The title, M×T, is one side of a formula for grief: Feeling = Memory × Time. That formula is marked, as the cover is marked, by a multiplication sign. Emily Dickinson: “After great pain, a formal feeling comes.” Here, great pains multiply, and formal feelings multiply—but feeling’s forms multiply as well. From sonnets to erasure poems, from anagrams to postcards: feeling uses familiar forms, but also nurtures new and not-yet-articulated forms. Such forms emerge from ordered materiality (letters, words, lines): Is feeling also material, countable and transformable? It must be material, if it is a product of multiplication. The sections of the books are divided by electrical diagrams for circuitry which might harness and control this emotional materiality, such as an “emotional overload sensor circuit”. And yet even after emotions are made material: “The dead are not firewood. They cannot be collected, ordered or made useful to the living.” Grief can be ordered, words of grief can be ordered, but you cannot order the dead. They will somehow manage to multiply beyond your taxonomies: they will somehow manage to order us to grief, which multiplies our words and forms.
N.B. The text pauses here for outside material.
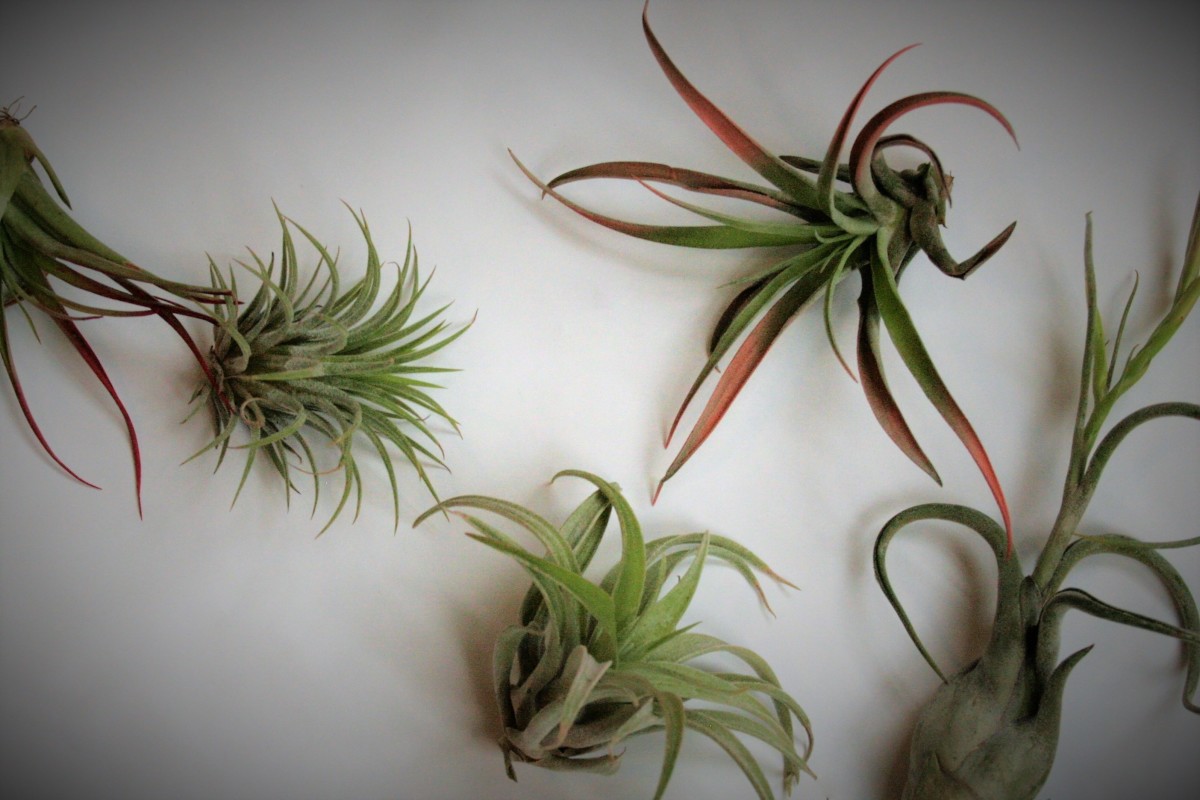 If You Like Sedum, You'll Love Tillandsia - HubPages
Michael e. Casteels · sorrow is to row

If M×T is a copious anthology of forms of grief, sorrow is to row is a small and solitary form: a single poem, tucked inside a little sleeve pasted inside its cover. The book—a simple, handmade object, made in an edition of 26—requires you to find its small poem with a few protective layers; not an impossible task, but an intimate and familiar one. The emotions of the poem are here again made material in the book object, in the physical act of accessing the poem. Grief takes on another form, a single form that is still based on multiplying: The poem consists of a single phrase (“sorrow is to row your boat nowhere”, from bpNichol’s Martyrology) typed out several times. The lines are all the width of the title (in a monospaced typeface), but the repeated phrase is one letter longer than the width of the line. And so the poem begins “sorrow is to row / your boat nowher / e sorrow is to r / ow…” — and the phrase breaks differently each time. Enjambments multiply, the meanings hidden within words (the ‘ow’ in ‘row’) are revealed by the breaking. The repetition may seem to be heading nowhere, but at the point where the phrase’s phase would repeat the opening line, the poem ends—not nowhere, but at a point: the sudden mark of an ending, the period, the full stop.


Sina Queyras, M×T (Toronto: Coach House, 2014).

Michael e. Casteels, sorrow is to row (Kingston, Ont.: Puddles of Sky, 2014).